Here I estimate the contribution of OMC cavity length noise to the DARM noise. Valera, Ryan, and Sam discussed this in G1100903, and I think my methods are essentially the same as what they describe.
First, the noise in the light transmitted through the OMC due to the (suppressed) cavity length noise can be calculated two ways:
For the quadratic case, we calculate the noise in the power measured by the DCPDs due to the cavity length noise as:
dP[f] = (4*F/lambda)^2 * ASD[x(t)**2]
...where F is the cavity finesse (=391), lambda is 1064nm, and the final term is the ASD of the square of the cavity length noise, x(t). This is a quadratic approximation to the peak of the Fabry-Perot transmission curve, for the OMC it is accurate for motion less than ~3e-11 meters, which is true for our data across all frequencies. [Important: you have to take the ASD of the square of the time-series, not the square of the ASD -- the Fourier transform is a linear operator but squaring is not. Thanks Sheila!]

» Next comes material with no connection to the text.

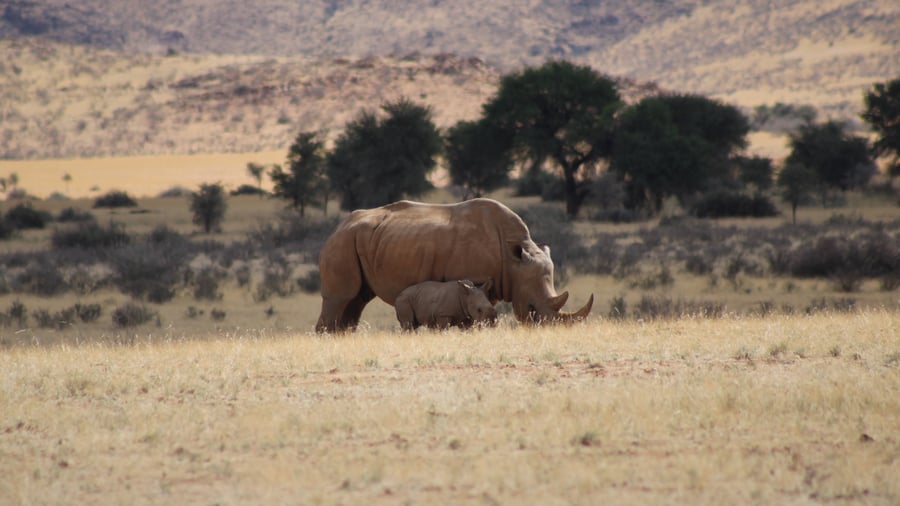 Rhino rangers project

Alternatively, the bilinear coupling is estimated as:
dP[f] = (4*F/lambda)^2 * 2 * x_rms * ASD[x(t)]
I've used x_rms = 3e-13 meters, although this could be an overestimate (see comment below).

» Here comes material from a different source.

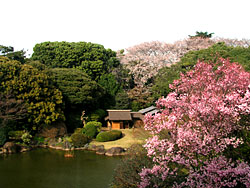 春の庭園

Next, to convert dP[f] into an estimate for the DARM noise budget, I turn the crank on the DCPD_SUM --> OMC-READOUT_ERR calculation that is described here:
OMC-READOUT_ERR = DCPD_SUM * (Pref / P0) * xf**2 / (2*x0) * G
...where Pref = 1.56 (power normalization), P0 = 24.1 (input power, Watts), xf = 14 (fringe offset, picometers), x0 = 15.8 (DARM offset, picometers), and G = 8.56e-7 (overall gain factor). These are the values during the lock on Jun 7 at 00:00 UTC that Evan used for his latest noise budget. This calculation converts DCPD_SUM in mA into counts at the DARM_IN1 error point.
Finally, to convert counts of DARM_IN1 into meters of CAL-DELTAL displacement noise, I use a factor of 5e-7, a zero at 389Hz and a pole at 7kHz. The factor of 5e-7 was estimated by matching DARM_IN1 to CAL-DELTAL_EXTERNAL_DQ in DTT. This is about 3x larger than what I expected, based on the calibration of the DARM offset in counts to picometers: 1e-5 counts / 14 picometers. Not sure why there is this discrepancy.
In Figure 7 I plot the CAL-DELTAL spectrum from June 7 with estimates of the contribution from the OMC, using the quadratic and bilinear coupling results. As mentioned before, the OMC length noise projection above 10Hz is probably limited by intensity noise and is bogus, except for the peaks around 1kHz, which are about a factor of two below the noise floor. If this result is correct, it's an ongoing mystery as to why we don't see this 1kHz noise in the DARM spectrum. Robert has investigated the acoustic coupling in this band and also projects that some noise at ~900Hz should be peaking above the noise floor. Why don't we see it?
For interested NoiseBudgeters, the attached text files have the data for the red (quadratic) and blue (bilinear) traces in Fig. 7. (You shouldn't think this noise source has gone unattended in the noise budget until now: Evan says he had measured the OMC-->DARM noise coupling some time ago, using excitations into the OMC-LSC loop, and had convinced himself the OMC wasn't a source of broadband noise. No reason to think any different from this study.)
There is some uncertainty in the value of x_rms. For the half-fringe result, the in-loop RMS is ~4e-12 meters, due to the noise around 0.2Hz (Figure 4). This is certainly an overestimation of the RMS motion during DC readout, because I did not engage the low-frequency boost in the OMC-LSC loop, so the low-frequency suppression was not as large. Koji has measured the RMS from the dither error signal in full lock (LHO:18034) to be ~3e-13 meters. For the PDH measurement (LHO:16089), the RMS motion was even lower, ~4e-14 meters. (The loop gain was significantly larger during the PDH measurement and I suspect it is an underestimate compared to the current loop shape for the OMC.) To err on the side of being conservative I use the dither error signal RMS for the bilinear noise estimation. (Zach measured the L1 OMC in-loop RMS as 7e-13 meters [G1301007, slide 18], but again the loop gain for that measurement is larger than what we use now.)